## Exercise objective
Restate, exactly as written, the entries below from the line that holds "AUTHENTIC Louboutin wedge leather espadrille" through the line that holds "6-Piece Hair Dye". Pictures are not part of the copy.

Records from a data collection
◇ ◇ ◇ ◇ ◇ ◇ ◇
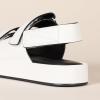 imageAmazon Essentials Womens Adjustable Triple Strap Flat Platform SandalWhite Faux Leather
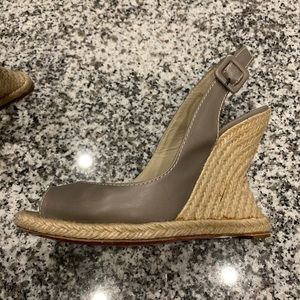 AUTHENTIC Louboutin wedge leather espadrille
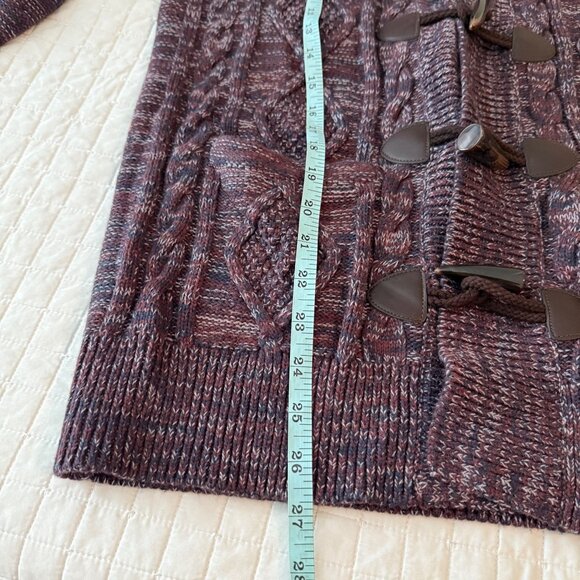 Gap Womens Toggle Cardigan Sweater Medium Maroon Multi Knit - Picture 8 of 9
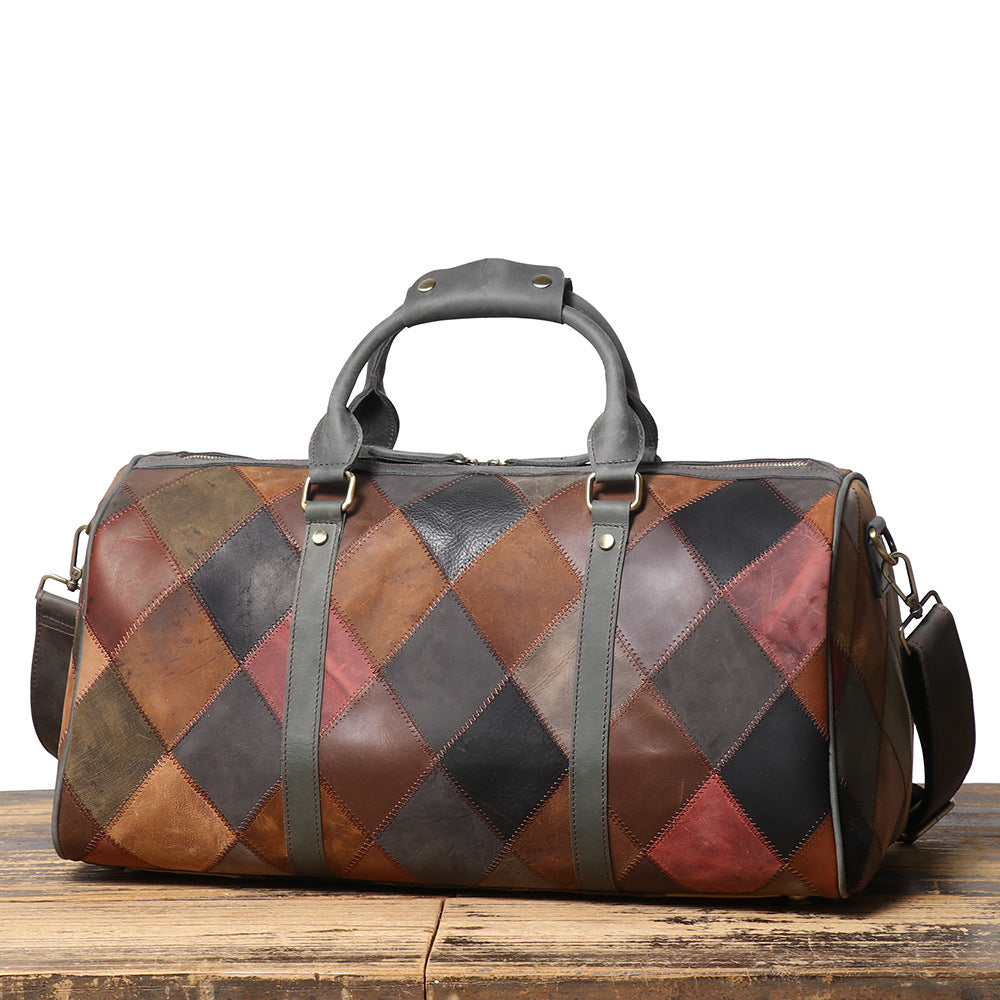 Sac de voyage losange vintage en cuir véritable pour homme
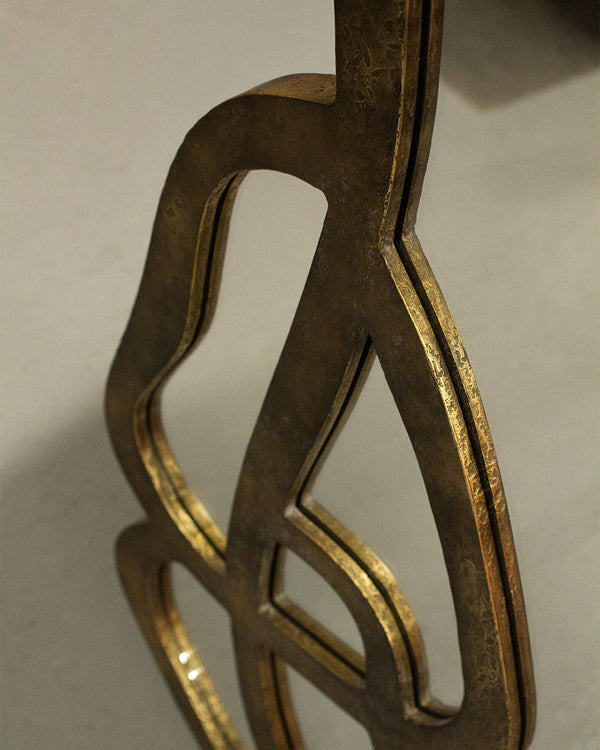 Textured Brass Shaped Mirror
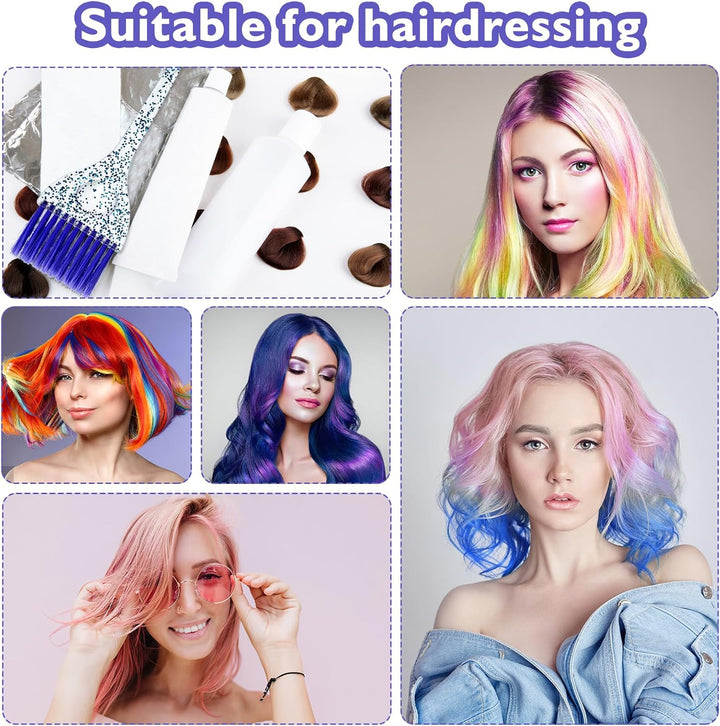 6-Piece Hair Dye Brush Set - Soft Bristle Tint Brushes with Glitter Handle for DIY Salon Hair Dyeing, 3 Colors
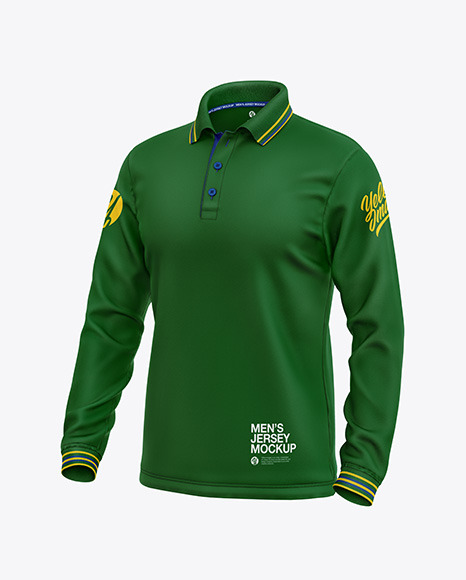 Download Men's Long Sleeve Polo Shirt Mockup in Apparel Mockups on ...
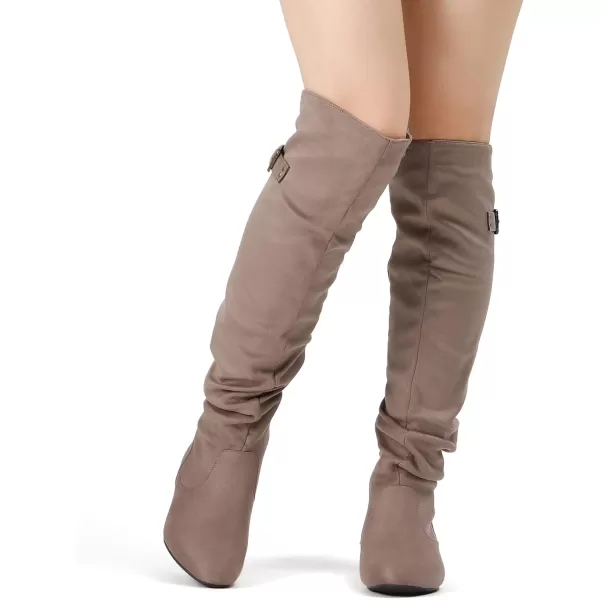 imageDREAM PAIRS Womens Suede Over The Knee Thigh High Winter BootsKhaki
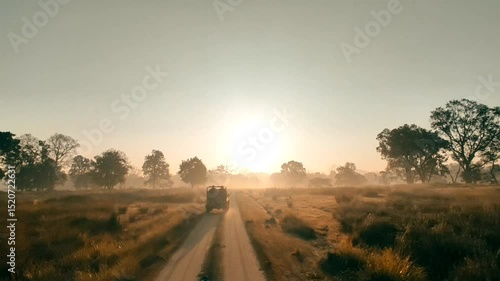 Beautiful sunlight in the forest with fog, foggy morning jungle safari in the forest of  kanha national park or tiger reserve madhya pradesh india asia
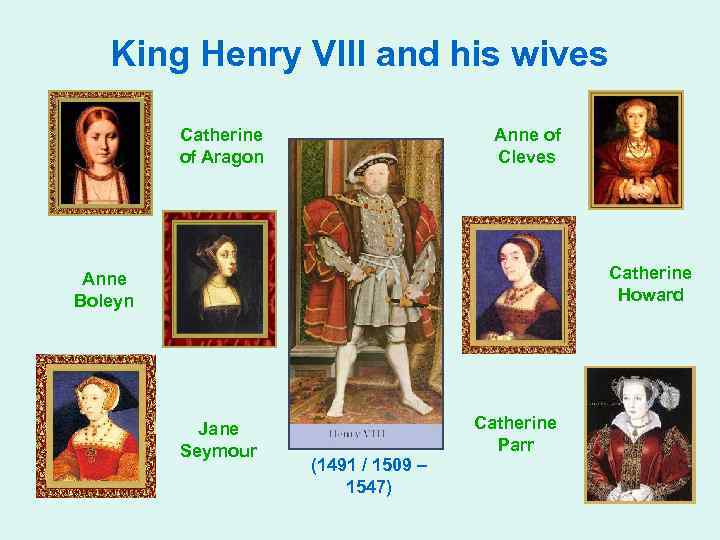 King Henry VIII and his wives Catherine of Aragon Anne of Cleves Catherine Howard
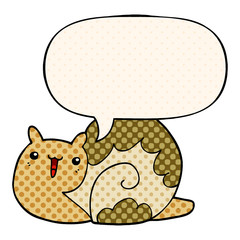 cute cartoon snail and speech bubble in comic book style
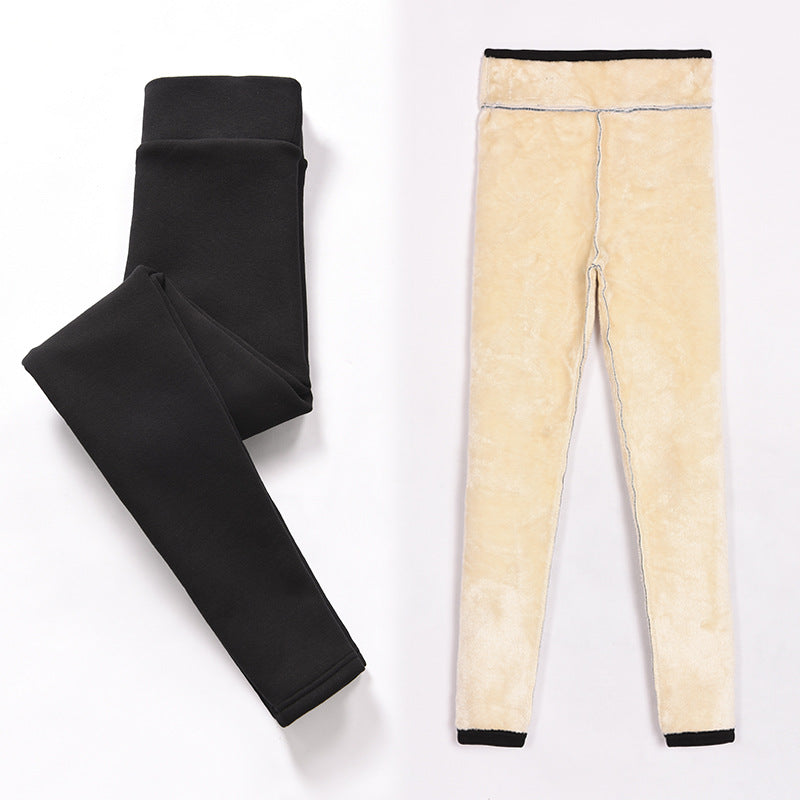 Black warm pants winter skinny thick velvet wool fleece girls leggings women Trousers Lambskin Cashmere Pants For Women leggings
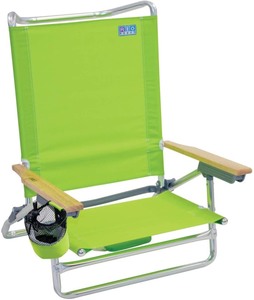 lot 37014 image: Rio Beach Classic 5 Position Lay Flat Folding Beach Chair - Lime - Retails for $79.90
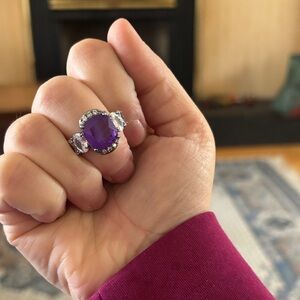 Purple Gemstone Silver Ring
◇ ◇ ◇ ◇ ◇ ◇ ◇
## Task response
 AUTHENTIC Louboutin wedge leather espadrille
 Gap Womens Toggle Cardigan Sweater Medium Maroon Multi Knit - Picture 8 of 9
 Sac de voyage losange vintage en cuir véritable pour homme
 Textured Brass Shaped Mirror
 6-Piece Hair Dye Brush Set - Soft Bristle Tint Brushes with Glitter Handle for DIY Salon Hair Dyeing, 3 Colors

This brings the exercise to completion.